Instructions to follow
From the records below, transcribe only the lines running from the one with "Used 2024 Honda Accord Touring image 12" through the one with "Appartement Duplex Montereau". Keep both of those end lines.

The records

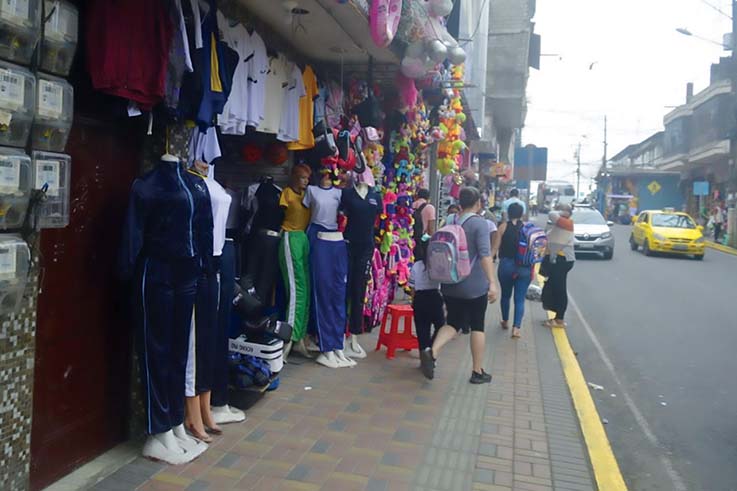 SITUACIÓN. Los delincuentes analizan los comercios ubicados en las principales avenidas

* * *

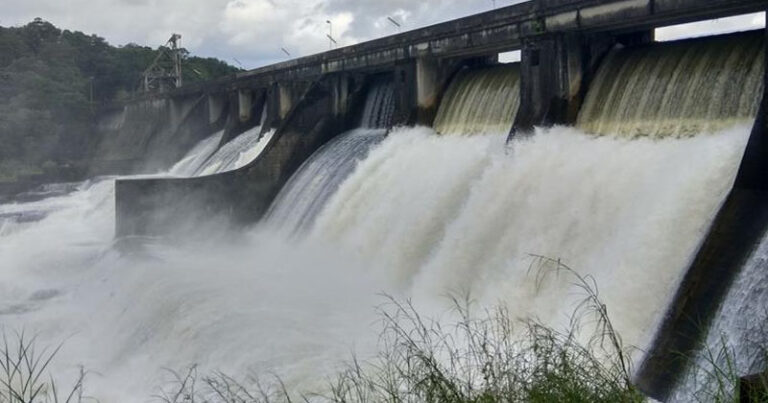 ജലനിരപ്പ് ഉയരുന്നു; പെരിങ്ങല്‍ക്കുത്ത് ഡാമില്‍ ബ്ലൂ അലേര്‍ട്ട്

---

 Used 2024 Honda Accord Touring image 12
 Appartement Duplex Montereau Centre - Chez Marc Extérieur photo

Answer to this task
 Used 2024 Honda Accord Touring image 12
 Appartement Duplex Montereau Centre - Chez Marc Extérieur photo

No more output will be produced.